Have the Right Equipment
Since many pools and spas at apartments or condos are unsupervised, you’ll want to be doubly-sure that these areas have the proper safety equipment. Make sure there is a fence around the pool or spa that can only be accessed by adults. Inspect the fence regularly to be sure it’s not showing signs of rust, and test self-closing doors to be sure they actually work. The fence should prevent curious kiddos from gaining access to the water—so make sure there are no missing links where a child could climb through, and that nothing has been placed up against the fence that would enable a child to climb over.
In addition, place life-saving equipment like reaching poles and swim rings where everyone can reach them. If the property includes a hot tub or spa, make sure both the pump and the cover are in excellent shape and are working properly. A spa cover in good condition should fit over the top of the spa, be lightweight (as opposed to water-logged) and be free of any rips or tears. For more about spa covers and safety, visit HotTubWorks.com.
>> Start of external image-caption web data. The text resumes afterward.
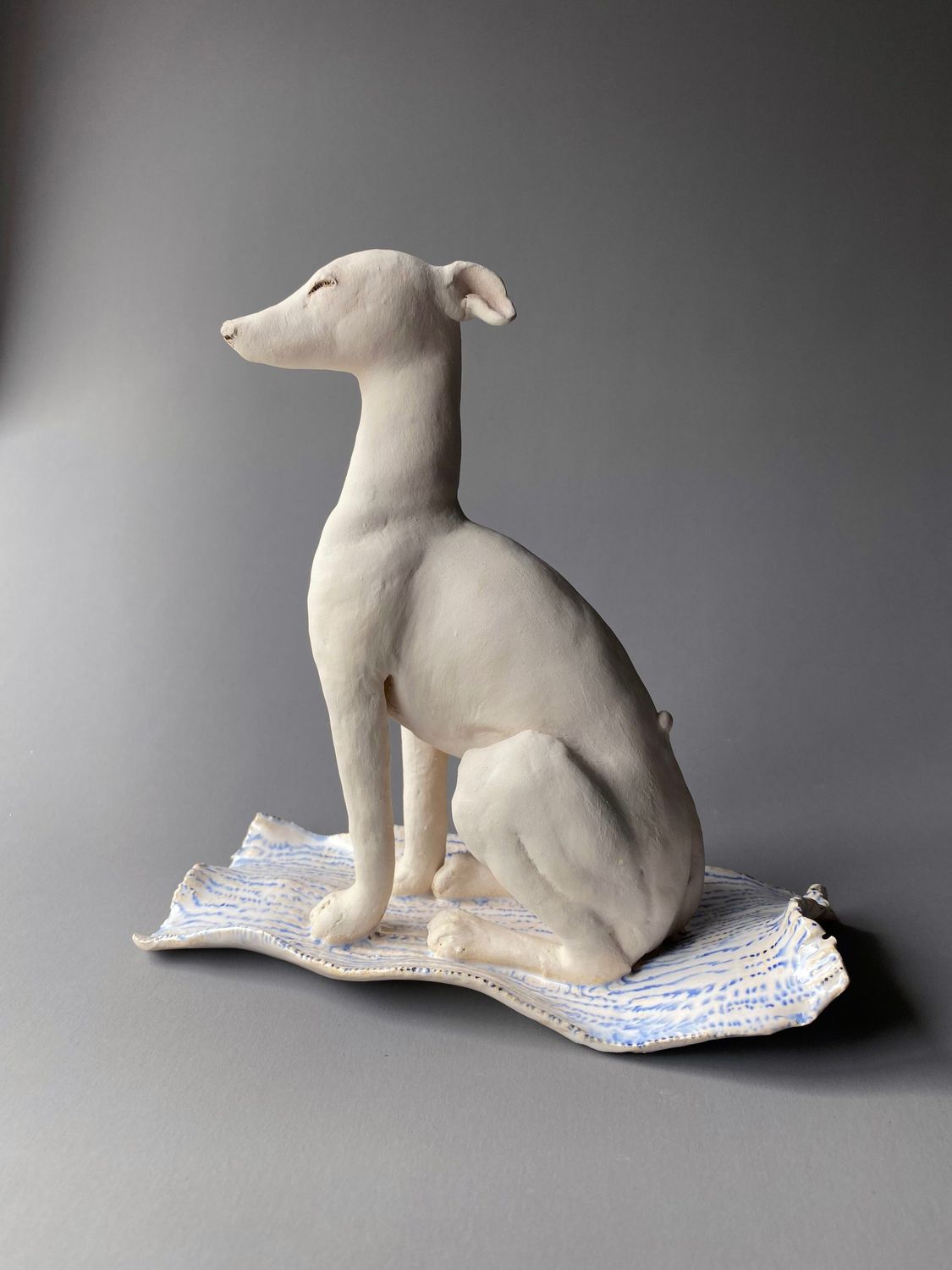 sitting up hound on glazed mat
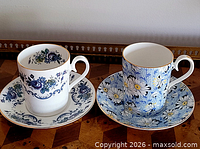 Both Royal Albert cup and saucer sets side by side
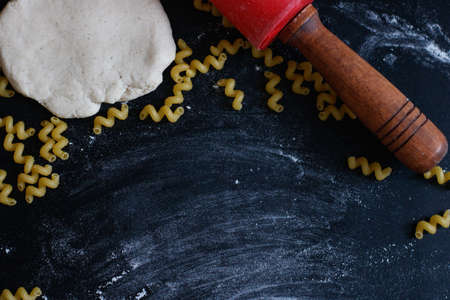 Dough, rolling pin, flour and pasta on the black table.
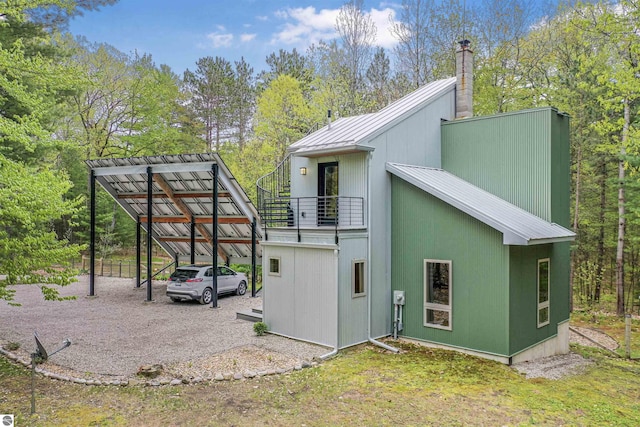145 Fisher Rd, Traverse City, MI 49685 - view of home's exterior with a chimney, metal roof, a balcony, a standing seam roof, and a detached carport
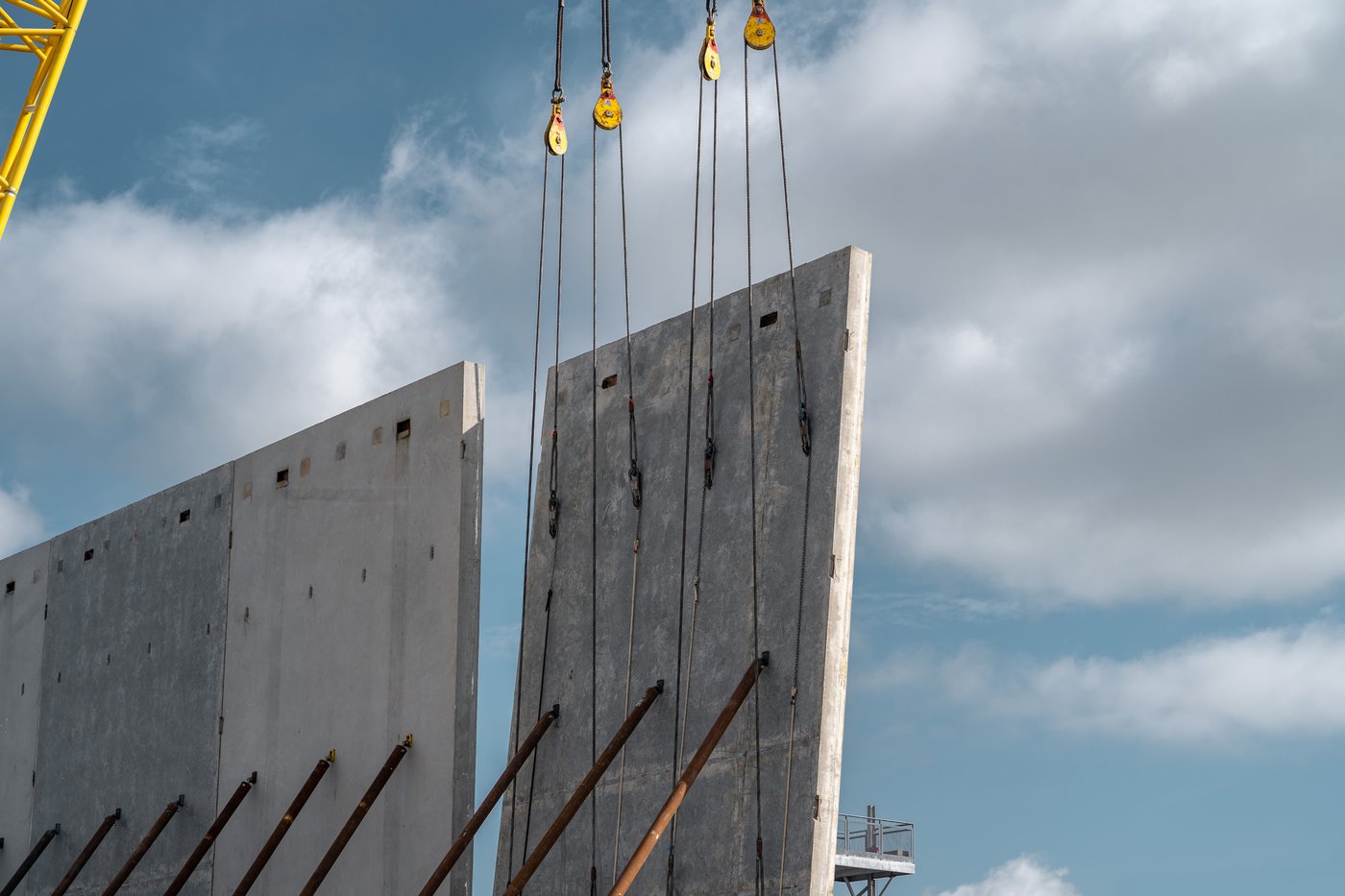 Crane lifting a tilt-up concrete wall panel into place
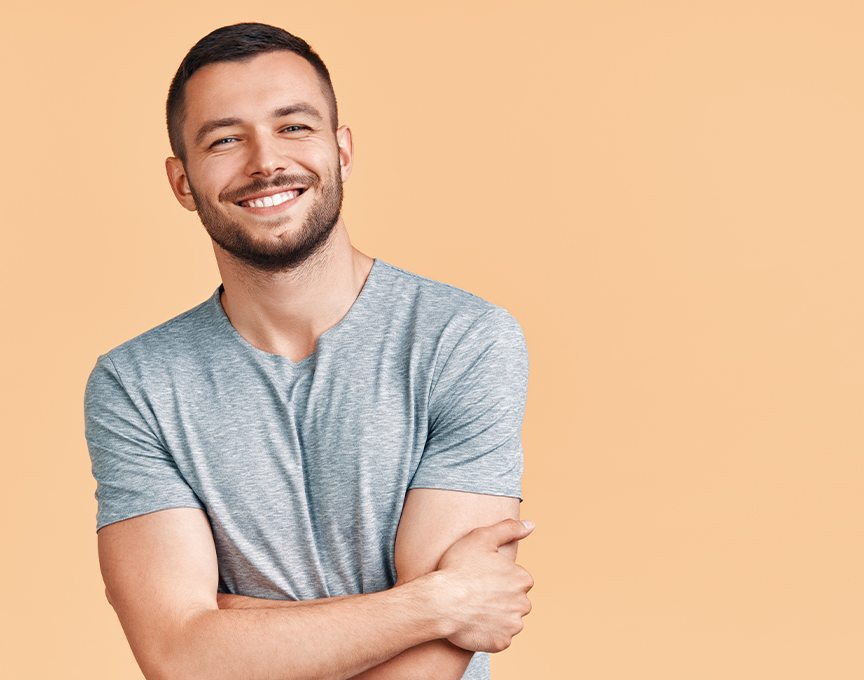 Man with healthy smile after tooth extraction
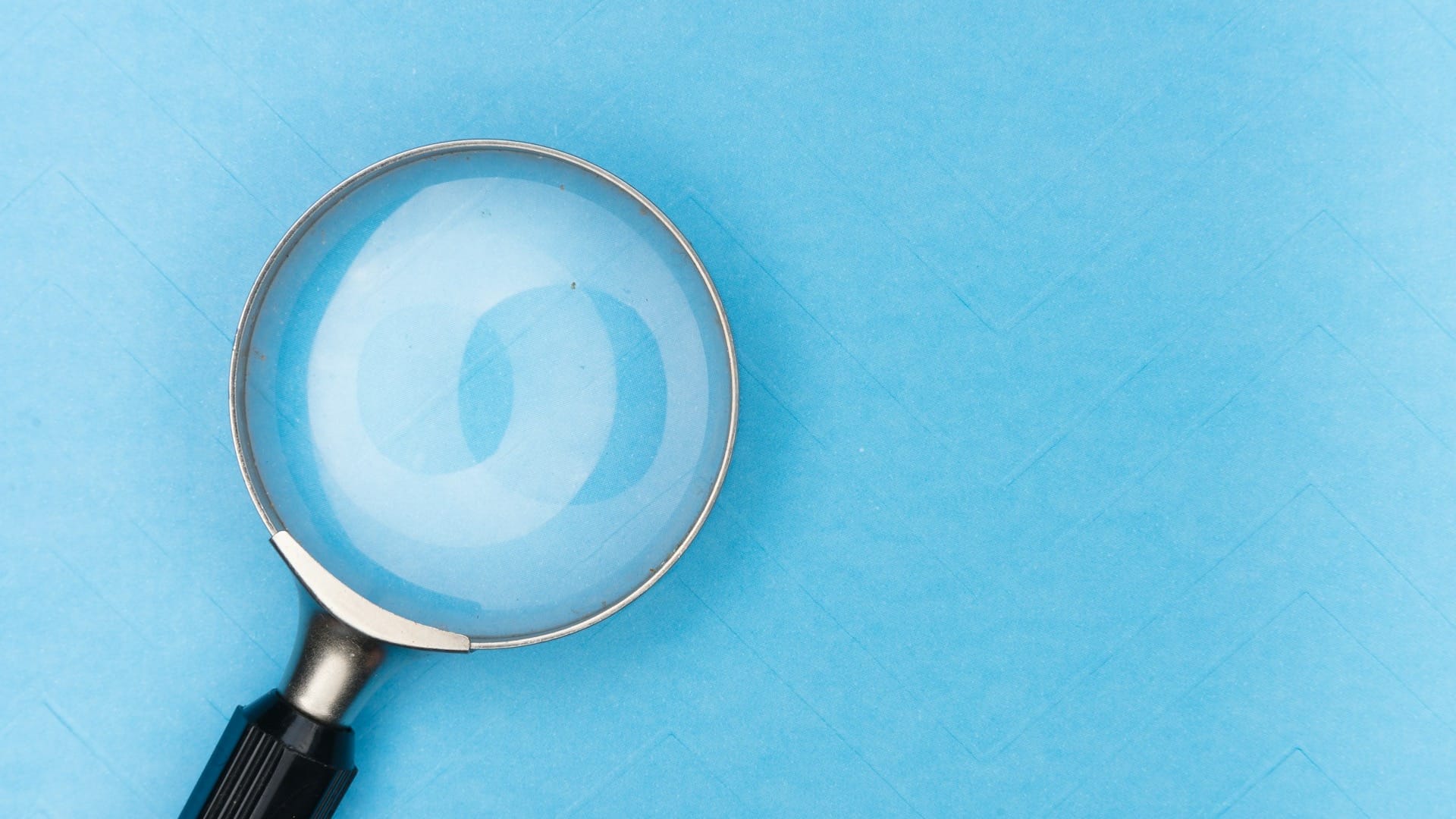 A magnifying glass resting on a plain white surface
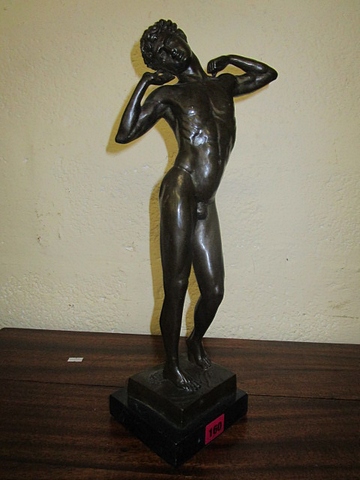 A contemporary bronze nude male figure, mounted on a black square base, 17 high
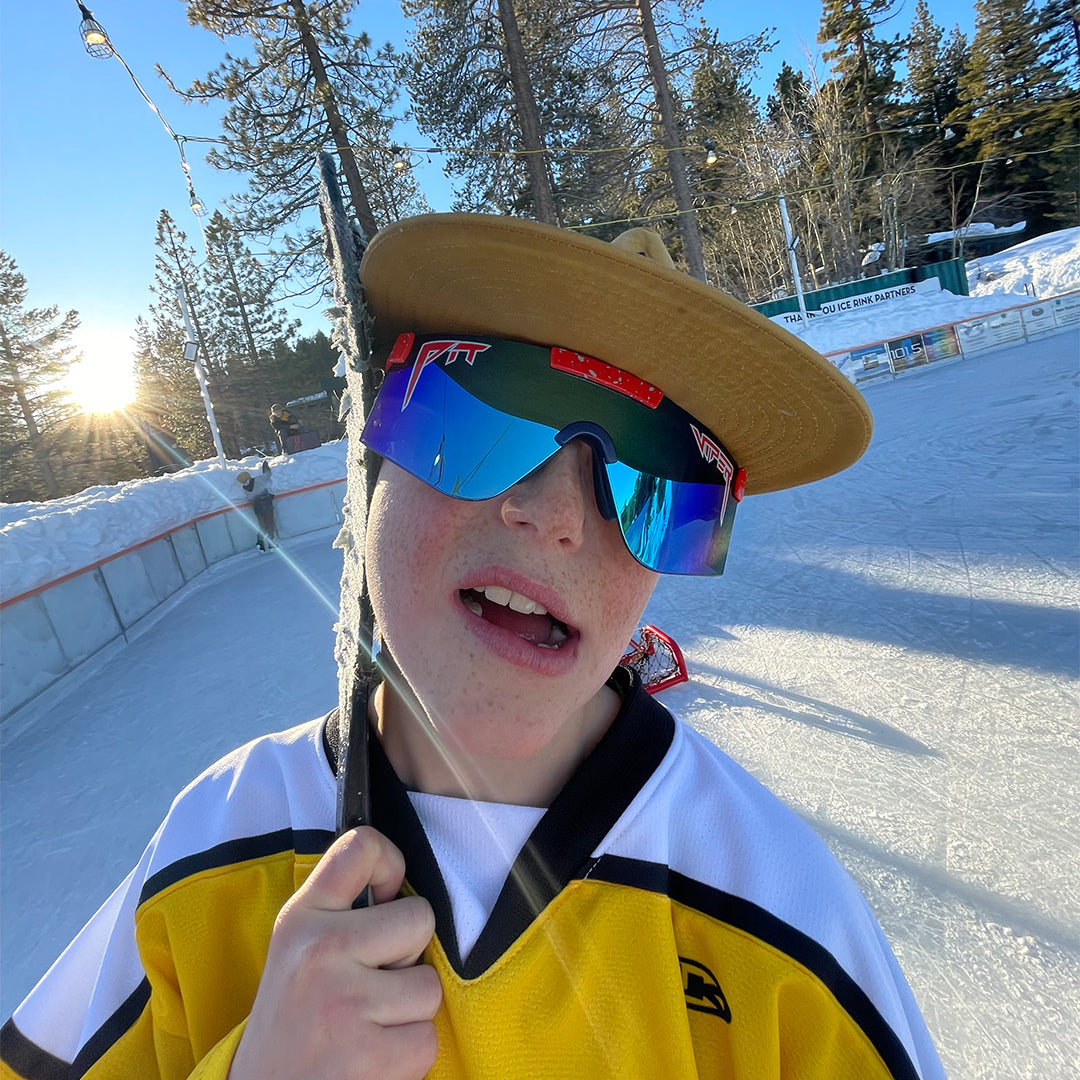 Kid holding a hockey stick wearing blue sunglasses with a red frame - lifestyle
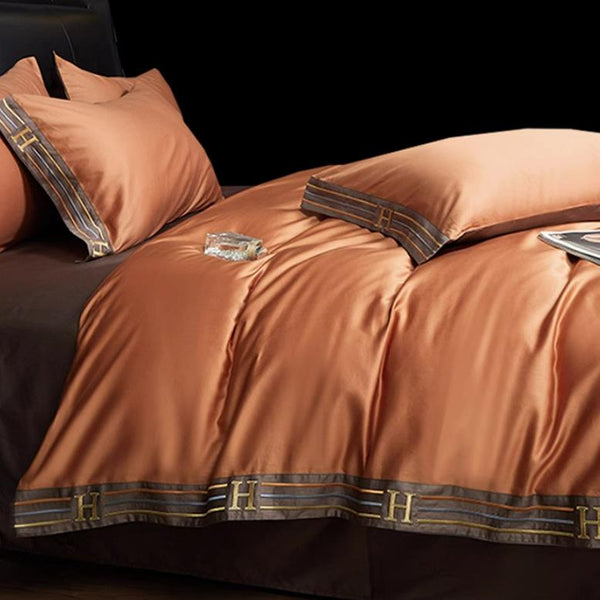 Set di biancheria da letto in cotone satinato ricamato Luminoir, quattro pezzi per camere da letto eleganti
Train Your Employees on Water Safety
Make sure that you and the rest of your staff are trained and certified in water emergency response and first aid, including how to do CPR on both kids and adults. You can find a class near you at the American Red Cross website. Hold meetings with your staff to go over water safety and what to be on the lookout for as they walk by the pool or spa.
Post Water Safety Rules
Clearly post the water safety rules in a place where both kids and adults can see them. If the signs are faded and rusted or handmade, purchase new, professionally made ones. In addition to posting the hours of the pool or spa, you can also include reminders about no running, leaving pets at home, watching kids at all times and, of course, a gentle reminder to get out and use the restroom when nature is calling.